[Scraped caption text data]
=======
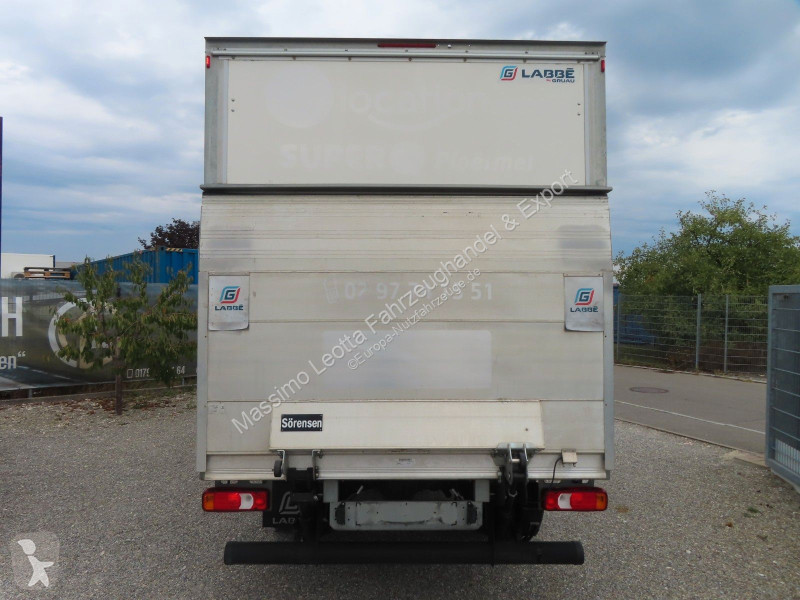 Užitkové vozidlo Iveco 35C16  3,0  Möbelkoffer...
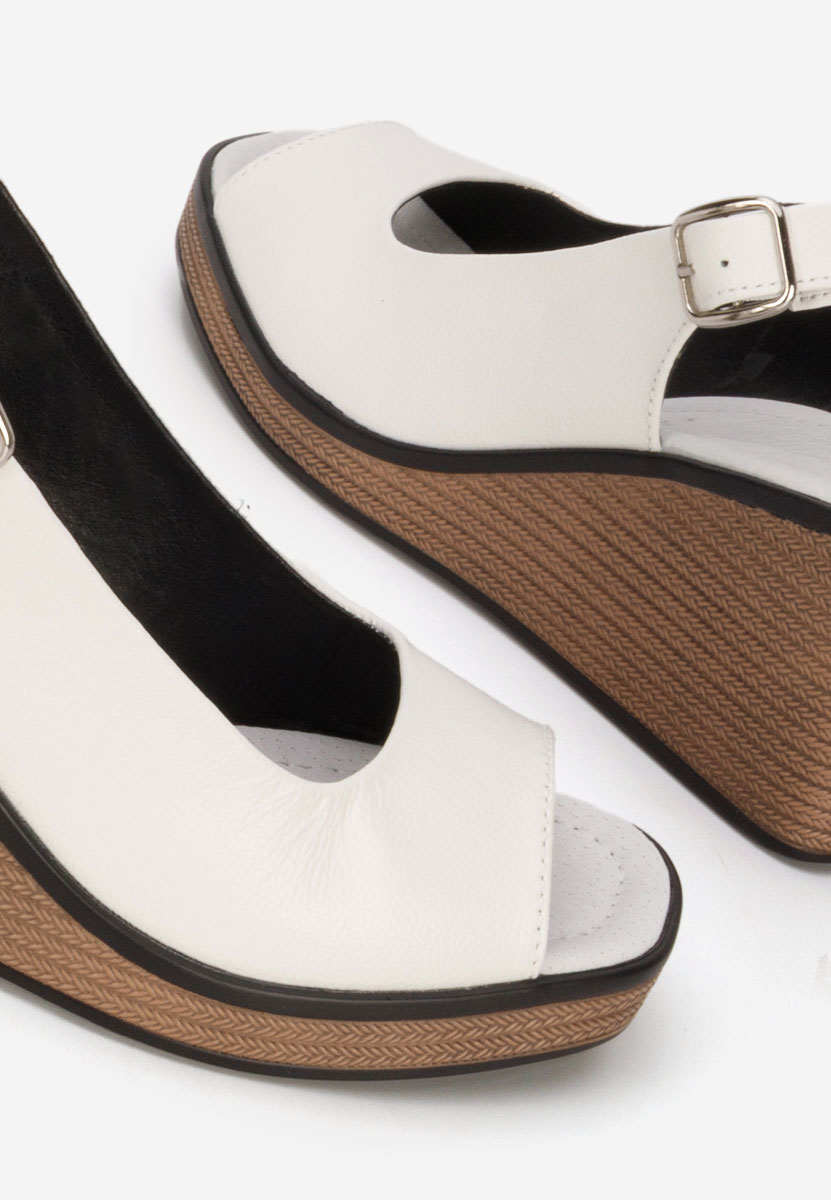 Białe sandały na koturnie skórzane Samiria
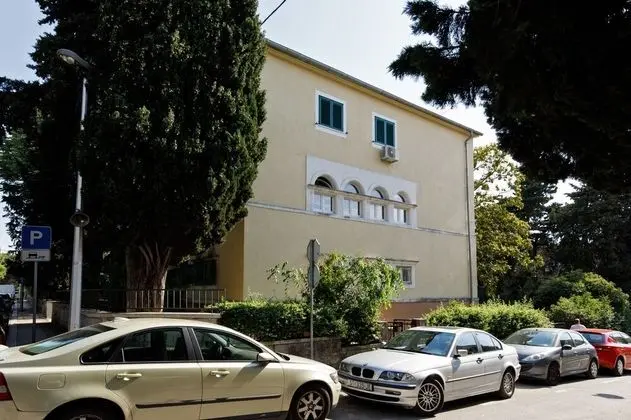 Luxury beach apartment private parking - Dış Mekan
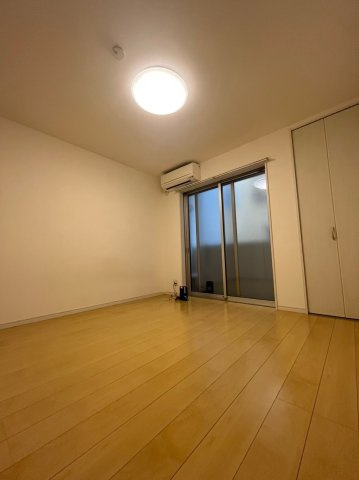 マンションKanaeの洋室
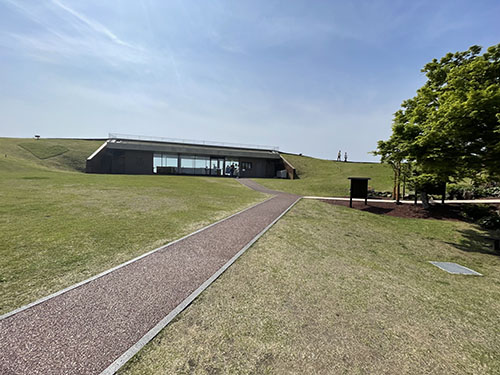 カフェに向かう歩道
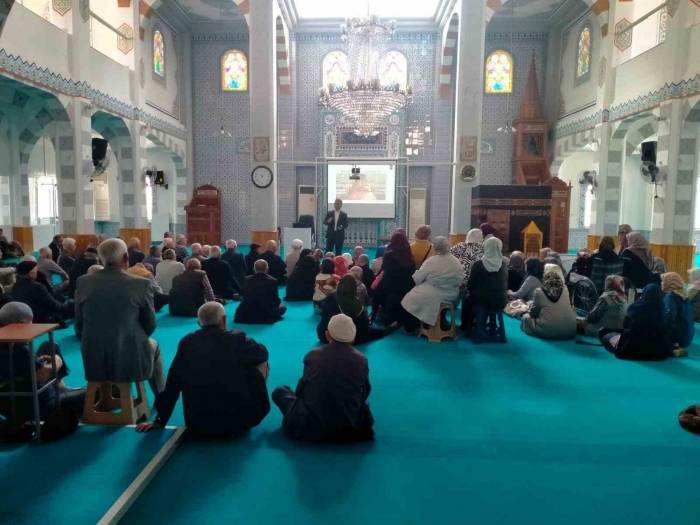 Aydın’da Hac Eğitim Seminerleri Devam Ediyor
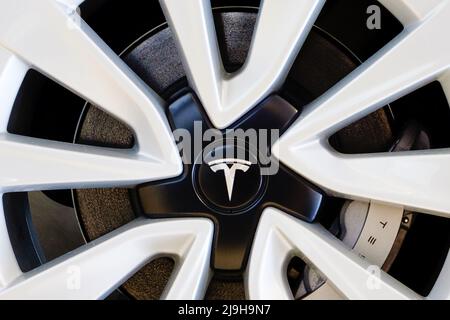Minsk, Bélarus - 23 mai 2022 : gros plan sur la roue de Tesla Banque D'Images
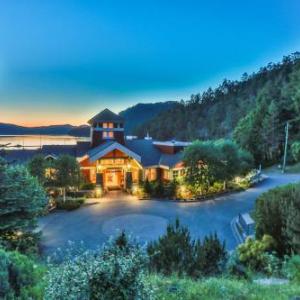 Hotels near Mary Winspear Centre - Poets Cove Resort & Spa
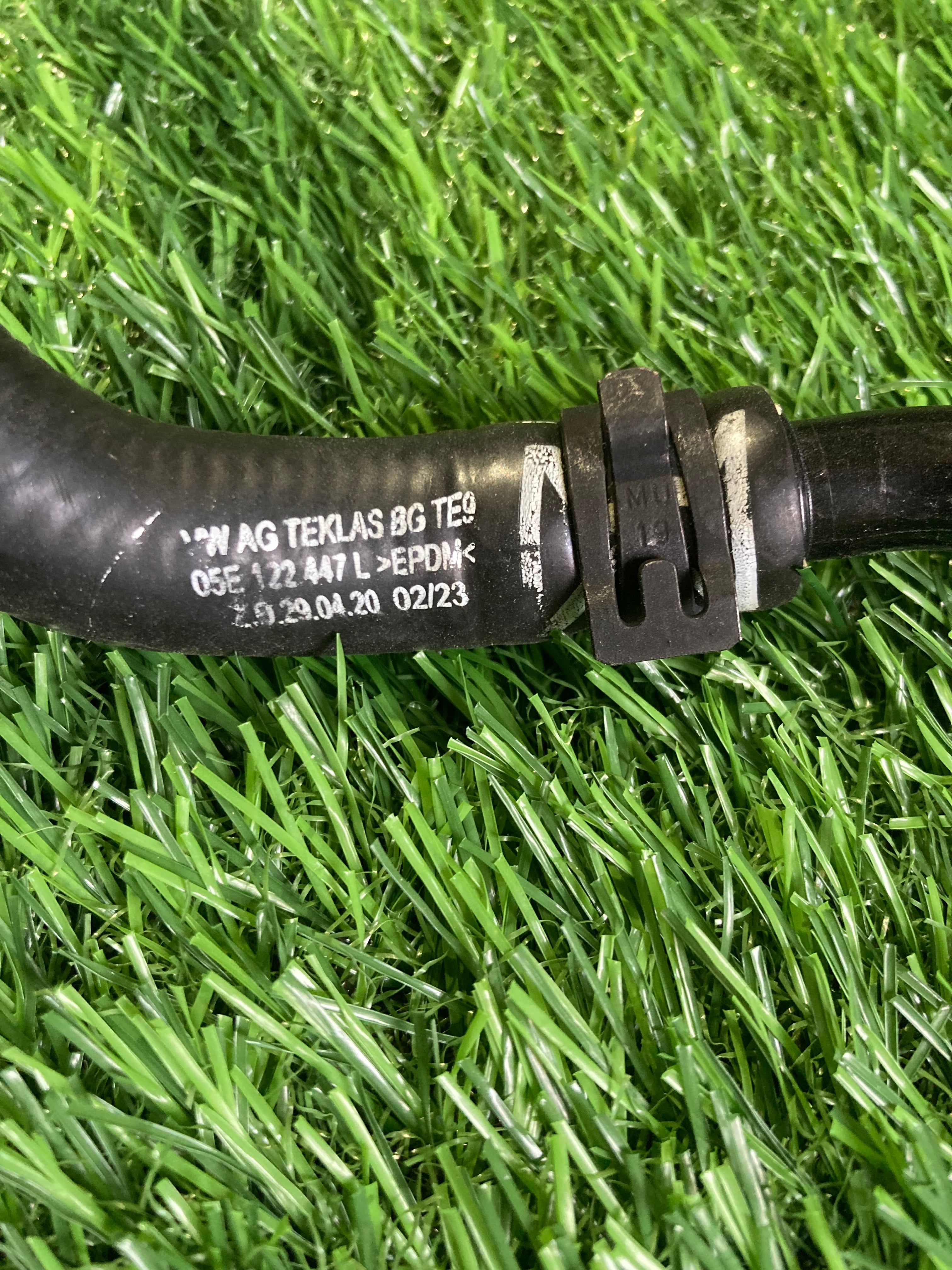 SKODA KAROQ Trubka VODNÍ ZÁSUVKA 05E122447L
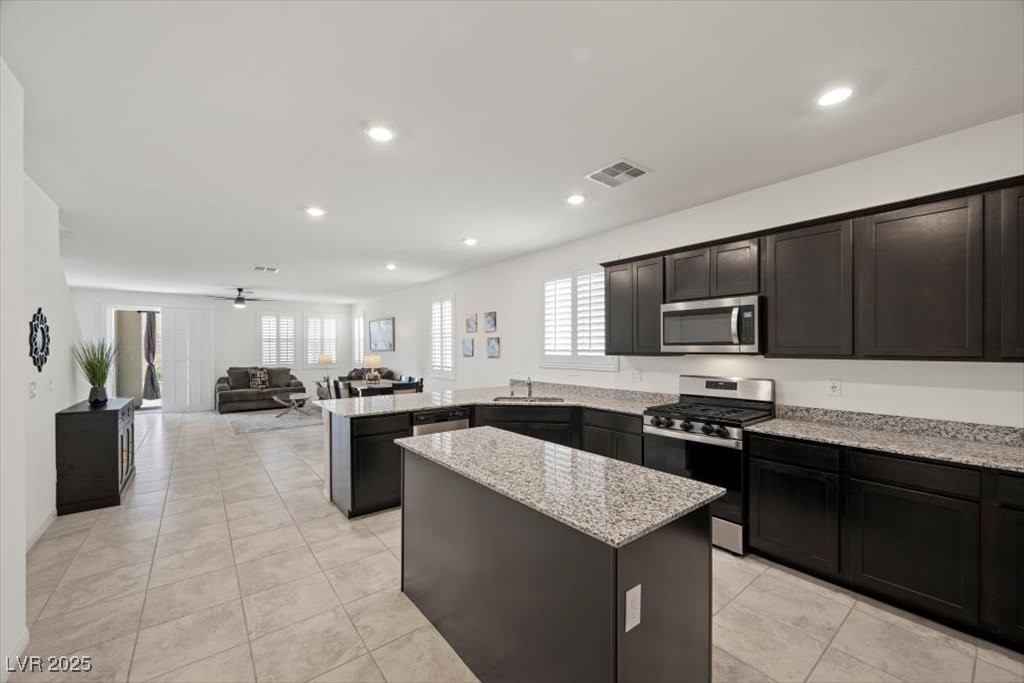 Las Vegas, Nevada 89178, United States, 4 Bedrooms Bedrooms, ,3 BathroomsBathrooms,Residential,Active,179626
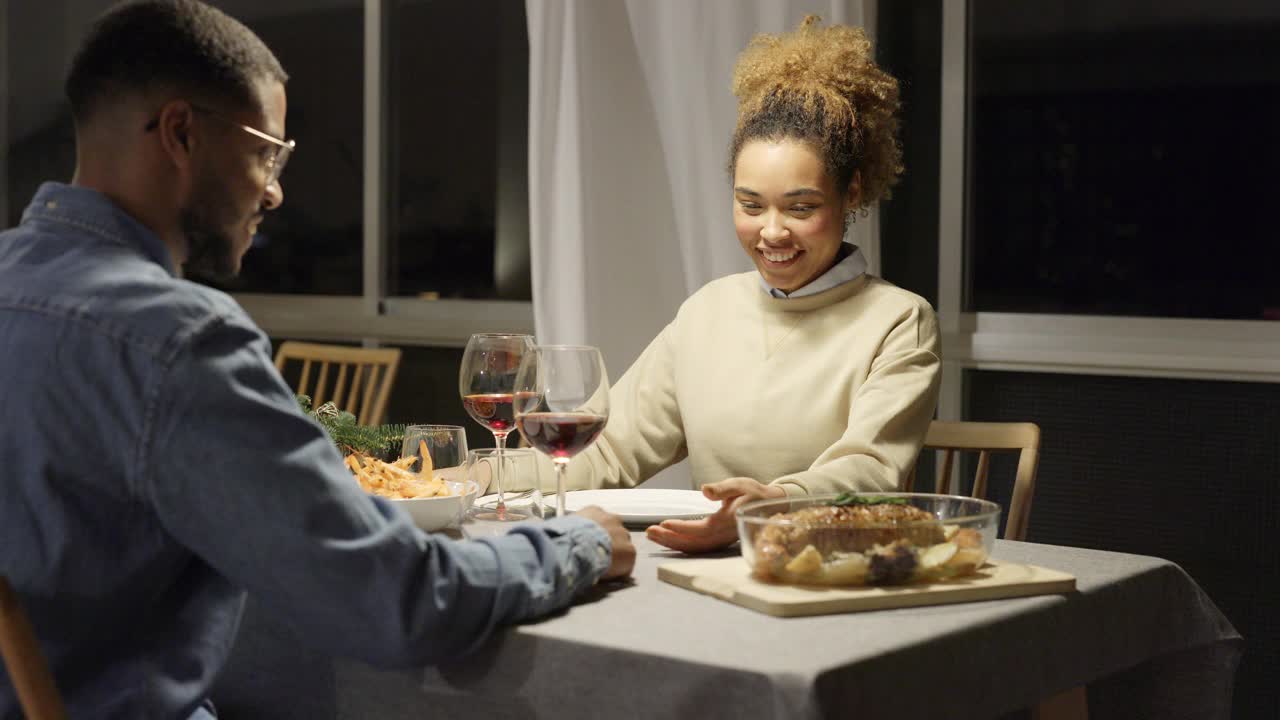 年轻夫妇在家里的餐桌上手牵手视频素材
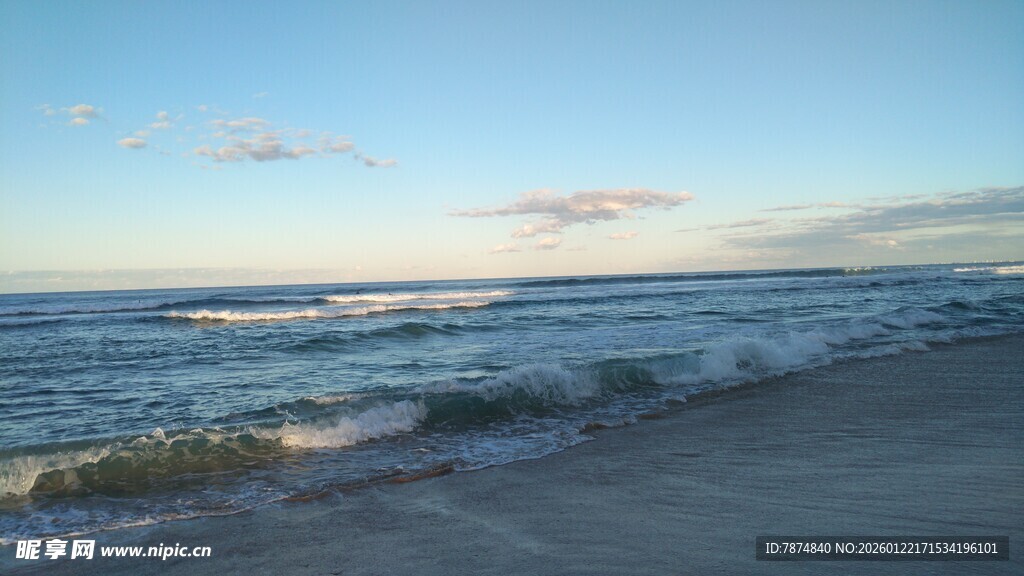 海边美景 海浪轻拍沙滩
=======
(TASK TO COMPLETE) Nothing but the lines from the one holding "Białe sandały na koturnie skórzane Samiria" to the end of the entries above should be echoed, exactly and with both ends included; omit the pictures.

(SOLUTION TO THIS PROBLEM)
 Białe sandały na koturnie skórzane Samiria
 Luxury beach apartment private parking - Dış Mekan
 マンションKanaeの洋室
 カフェに向かう歩道
 Aydın’da Hac Eğitim Seminerleri Devam Ediyor
Minsk, Bélarus - 23 mai 2022 : gros plan sur la roue de Tesla Banque D'Images
 Hotels near Mary Winspear Centre - Poets Cove Resort & Spa
 SKODA KAROQ Trubka VODNÍ ZÁSUVKA 05E122447L
 Las Vegas, Nevada 89178, United States, 4 Bedrooms Bedrooms, ,3 BathroomsBathrooms,Residential,Active,179626
 年轻夫妇在家里的餐桌上手牵手视频素材
 海边美景 海浪轻拍沙滩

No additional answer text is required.